Wednesday, March 29, 2006

Red Scorpion's Jack Abramoff sentenced

Convicted lobbyist Jack Abramoff received the shortest sentence attainable: five years and ten months in prison.

Earlier this week, Abramoff's lawyers submitted a 62-page memorandum in aid of sentencing in an attempt to fight back against the "caricature" foisted upon him by the media that "has distorted a lifetime of accomplishments beyond recognition."

At Raw Story I have an article, Abramoff ashamed of own film, based on a section of the memorandum:

According to a biography of Jack Abramoff crafted by his lawyers in an appeal for leniency, "Hollywood politics" triumphed over his pious attempts to keep offensive language out of an action film he produced in the late eighties, RAW STORY has found.

But left unmentioned in the appeal is any hint that the film was shot in South African-occupied Namibia during apartheid, and may have even been partly funded by the South African military.

....

But apartheid isn't the only thing left out of Abramoff's behind-the-scenes story about the making of "Red Scorpion."

According to Abramoff's plea, he "accepted the rabbinic decree that, because there were still vendors to be paid from the production, he should do nothing to impair its commercial viability and must not publicly protest or remove his name."

Last August, the Salon news site reported that "a lot of people didn't get paid" for their work on the film.

Also, Slate has obtained emails written to and from Amy Ridenour, associate and long-time friend of Jack's and president of the conservative think tank National Center for Public Policy Research, which indicate that she did indeed write articles to help multiple Abramoff clients, as we reported at Raw Story a few weeks ago.

In one email written to Jack on March 2, 1999, Amy wrote, "I am open also to a Pitney-Bowes op/ed-like piece on the CNMI, as you mentioned in your note, if a good angle is there."

From our first article on this angle at Raw Story, John Byrne and I reported:

In a series of editorials between 1999 and 2001, National Center for Public Policy Research president Amy Ridenour went to bat for the Commonwealth of the Marianas Islands, a small U.S. territory in the Pacific.

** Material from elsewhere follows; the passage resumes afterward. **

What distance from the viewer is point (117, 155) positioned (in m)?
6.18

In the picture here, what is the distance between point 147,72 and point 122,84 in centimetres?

Her releases bemoaned efforts to expand federal immigration laws to the island, defended the islands' meager wages and attacked Clinton Administration attempts to tighten labor laws.

Slate didn't link to our articles...perhaps they never heard of us...like the Associated Press: Associated Press says they based article on Raw Story report but refuses to credit or correct by John Byrne and Now "We Credit Blogs we Know" - AP Part II by Larisa Alexandrovna have more on that (and I plan to expand on this very soon).